The shipped Electron exits if --remote-debugging-port is on argv without a valid CLAUDE_CDP_AUTH token. Both _electron.launch() and chromium.connectOverCDP() inject that flag. The harness sidesteps the gate by spawning Electron clean and attaching the Node inspector via SIGUSR1 at runtime — same code path as Developer → Enable Main Process Debugger. From there, main-process JS evaluation reaches the renderer through webContents.executeJavaScript(). Full writeup: automation.md.

Wayland-mode sweep

Default backend is X11-via-XWayland (matches launcher-common.sh's default).
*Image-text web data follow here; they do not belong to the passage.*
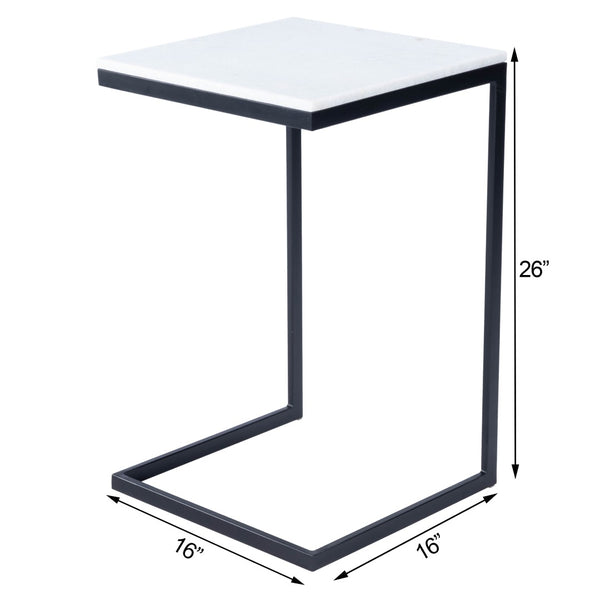 Butler Specialty Lawler White Marble, Black End Table 9349295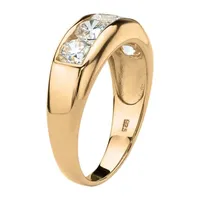 DiamonArt® 2.5MM 2 1/2 CT. T.W. White Cubic Zirconia 18K Gold Over Silver Band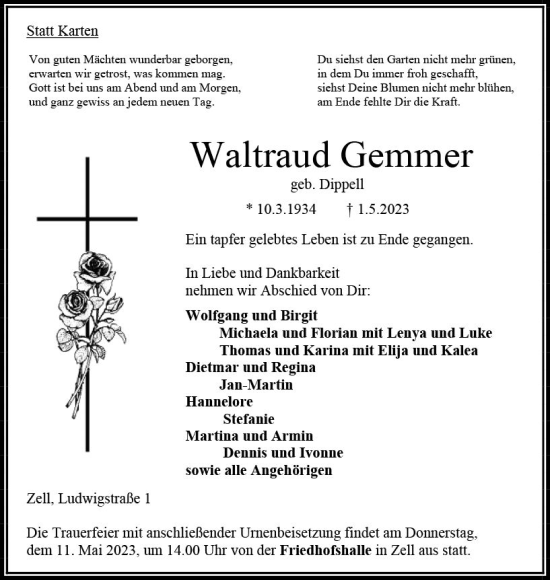 Traueranzeige von Waltraud Gemmer von VRM Trauer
To sweep the suite under native Wayland, set CLAUDE_HARNESS_USE_WAYLAND=1:

CLAUDE_HARNESS_USE_WAYLAND=1 ROW=KDE-W ./orchestrator/sweep.sh

Every launchClaude() swaps to the Wayland flag set (--ozone-platform=wayland + WaylandWindowDecorations / IME / text- input-version=3, mirroring scripts/launcher-common.sh:132-139) and exports CLAUDE_USE_WAYLAND=1 + GDK_BACKEND=wayland into the spawn env. Per-launch overrides via launchClaude({ extraEnv }) still win, so a single test can opt back to X11 inside a Wayland-mode sweep.
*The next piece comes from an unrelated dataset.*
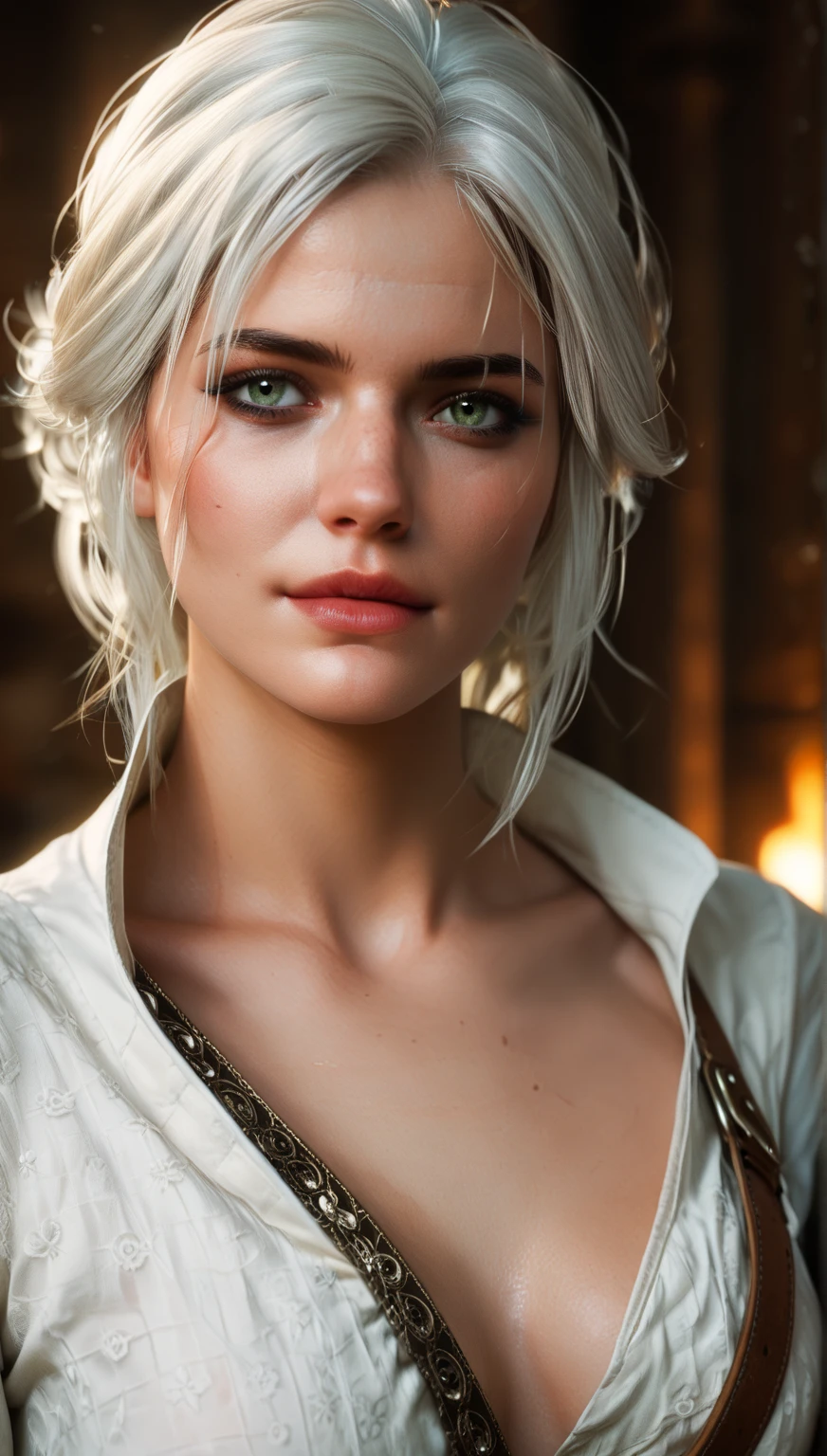 Ciri, white hair, (best quality, Ultra-detailed), (realistic:1.37), beautiful and detailed face, Ultra-realistic texture, Delicate face, long-lasting colors. high definition, 8k. expression a sensual look.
Caveat: T04 (_NET_FRAME_EXTENTS xprop check) only works under XWayland — native-Wayland sessions have no X11 client list, so T04 will skip with a "no X11 client list" diagnostic.

Grounding sweep

Separate from the test sweep. Where the test sweep verifies upstream Linux compat behavior against case specs, the grounding sweep verifies the specs themselves against upstream behavior — making sure the Steps and Expected fields haven't bit-rotted past what the shipped build actually does. Run on every upstream CLAUDE_DESKTOP_VERSION bump.

Static pass

For each file under cases/, confirm every test's **Code anchors:** field still resolves and the Steps/Expected match behavior. The convention is documented in cases/README.md — anchors are either upstream code (build-reference/app-extracted/.vite/build/), wrapper scripts (scripts/), v7 walker inventory, or out-of-scope (CLI binary, server-rendered SPA).
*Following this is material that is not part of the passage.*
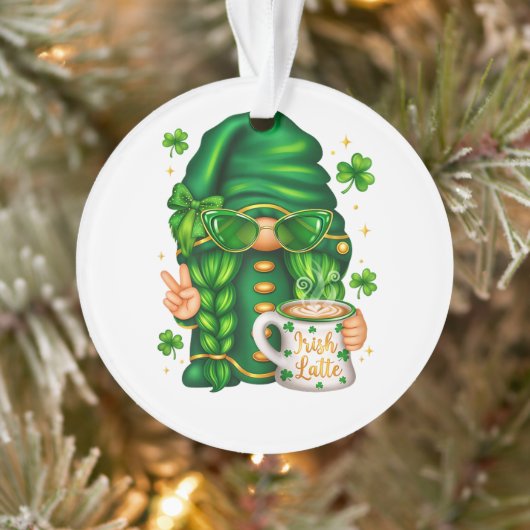 Cute St Patricks Day Gnome Drinking Coffee Ornament (Boom)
When a test drifts, edit Steps/Expected in place. When a feature is gone from the build, prepend > **⚠ Missing in build X.Y.Z** — <note>. Re-verify after next upstream bump. under the test heading.

Runtime pass

Run tools/test-harness/grounding-probe.ts against the live build:

cd tools/test-harness
npm run grounding-probe -- --launch --include-synthetic \
  --out ../../docs/testing/cases-grounding-runtime.json

Captures runtime state for tests where static greps can't disambiguate (IPC handler registry, globalShortcut.isRegistered() for known accelerators, app.getLoginItemSettings(), safeStorage, autoUpdater.getFeedURL(), SNI tray registration, AX-tree fingerprint of whatever's on screen). Output is keyed by test ID — diff against the previous version's capture to spot drift the static pass missed.

Surfaces inside modals or popups (T22 PR toolbar, T26 preset list, T31 side chat, T32 slash menu) need the surface open at probe time. Open the relevant view in the running app before re-running with --port 9229 (attach mode).